Kushikatsu is a variation of the famous fried pork cutlet, tonkatsu. “Ton” is the Japanese word for “pork” and “katsu” is a corruption of the word “cutlet.” During the Meiji government, Japan opened to foreign commerce and culture. People were encouraged adopt Western ways in science, technology, and customs. The taboo against eating meat was abolished (1872), and many new meat dishes were created. Here is a good article summarizing the history of Japan.
These skewers were a confidence builder for my deep-frying skills. Success of this recipe depends on the care you give to coating the skewered pork and onions with flour, egg, and panko.
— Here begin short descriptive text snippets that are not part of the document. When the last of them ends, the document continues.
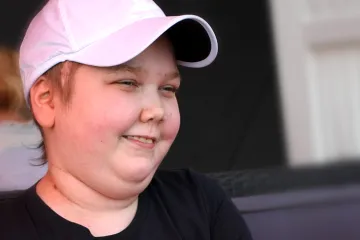 Hrabra Ena se krajem tjedna vraća kući!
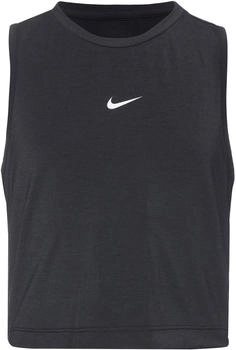 Nike Pro Dri-FIT Trainings-Tanktop f&uuml;r M&auml;dchen - Schwarz FV2422-010
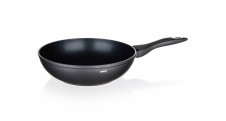 Pánev WOK s nepřilnavým povrchem Matte Dark Grey 26 x 7,2 cm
To ensure a thick crispy but not greasy crust, each skewer is dredged in flour then eggs three times before the final coat of light and crunchy panko crumbs. Allowing the skewers to stand in a bowl meant that the coating would adhere to the meat and vegetables rather than sticking to a rack. The time between each step of the coating process allowed the flour to absorb the moisture from the egg to become a sort of paste.
- 1 pound boneless pork loin, excess fat removed, cut into 20 cubes (original recipe:9 ounces / 12 pieces)
- Salt and Black Pepper
Lightly season the pork and let it sit for half an hour.
- 3 – 4 naganegi (Japanese long green onions), or young slender leeks, white part only
Cut the onions crosswise into 30 pieces, about 1 1/2″ long.
- 10 bamboo skewers (6″ long, soaked in water for 30 minutes)
Thread a piece of onion, a cube of pork, onion, pork, and onion on each skewer.
Coating the Skewers:
- 1/2 cup flour for coating (or more)
- 2 eggs, lightly beaten
- 2 cups breadcrumbs
1. Put each of the above ingredients into a separate dish. Dredge each skewer of pork and onions in the flour. Shake or tap the skewer to shake off excess. I arranged the skewers in bowls, rather than placing them on a rack.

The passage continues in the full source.